_What needs to be done_:
For this task, output exactly the lines of the material below starting at the line with "Load image into" and ending at the line with "1065CALVIN KLEIN FELPA"; pictures are to be excluded.

_Extracted records_:
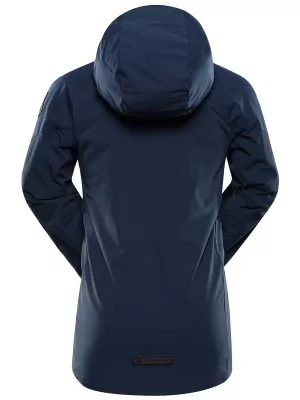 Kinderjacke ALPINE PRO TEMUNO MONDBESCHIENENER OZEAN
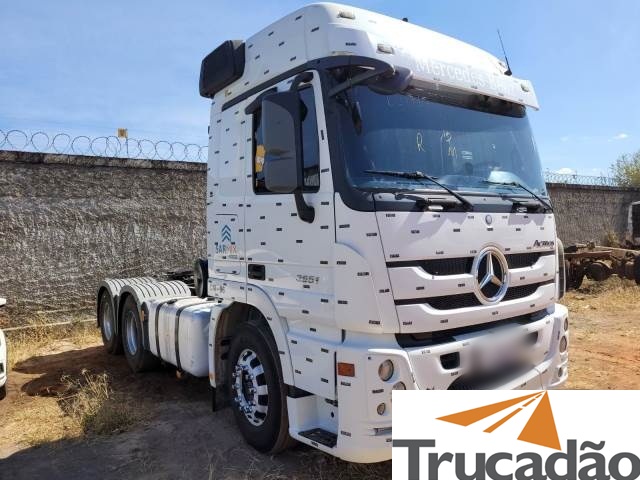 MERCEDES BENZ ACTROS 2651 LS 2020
---
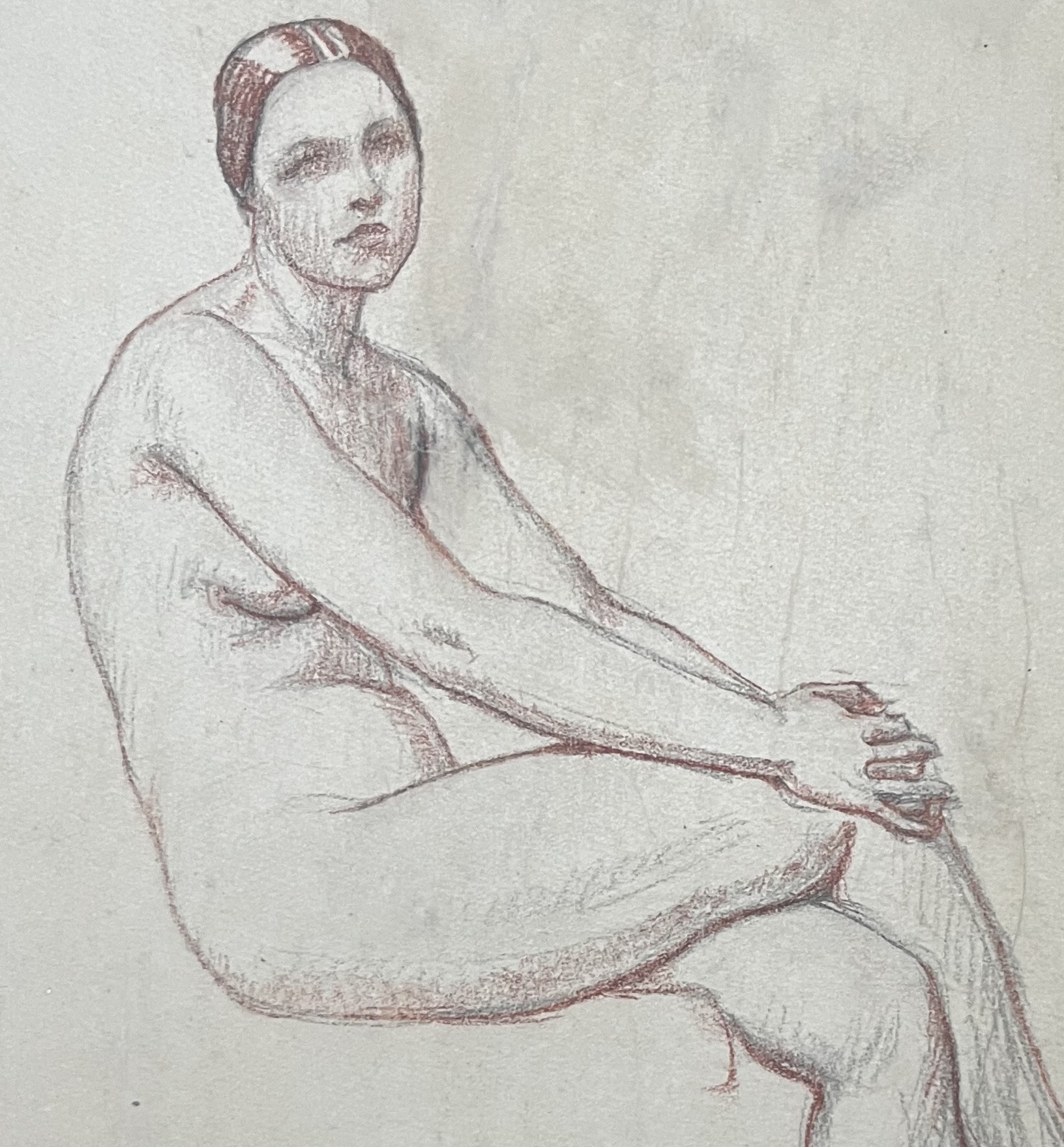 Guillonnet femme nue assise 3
---
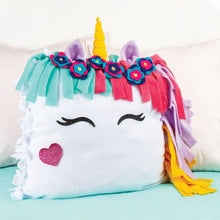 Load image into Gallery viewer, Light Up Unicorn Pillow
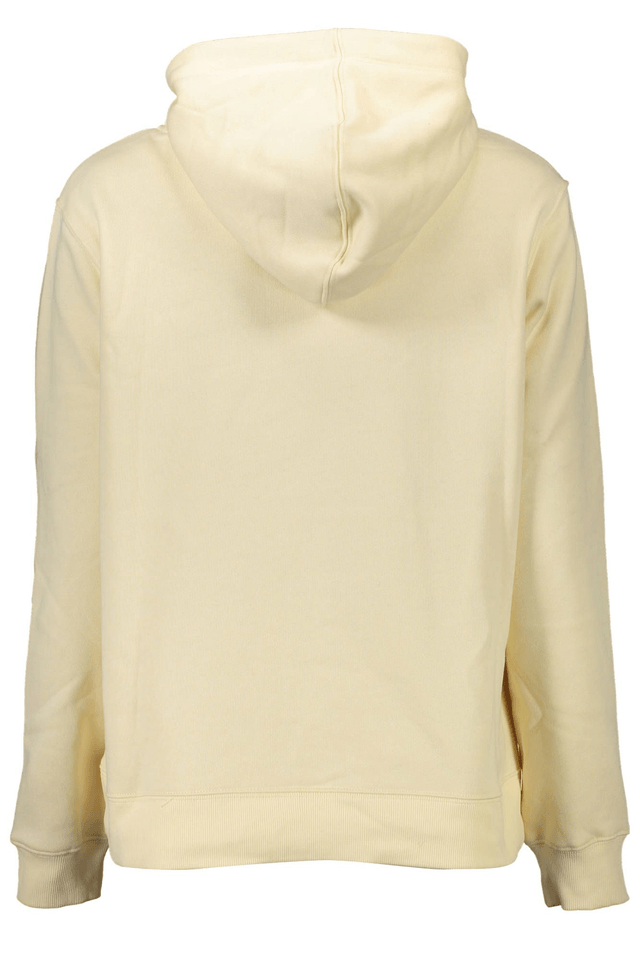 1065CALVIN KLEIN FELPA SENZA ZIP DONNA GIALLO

_Solution below_:
 Load image into Gallery viewer, Light Up Unicorn Pillow
 1065CALVIN KLEIN FELPA SENZA ZIP DONNA GIALLO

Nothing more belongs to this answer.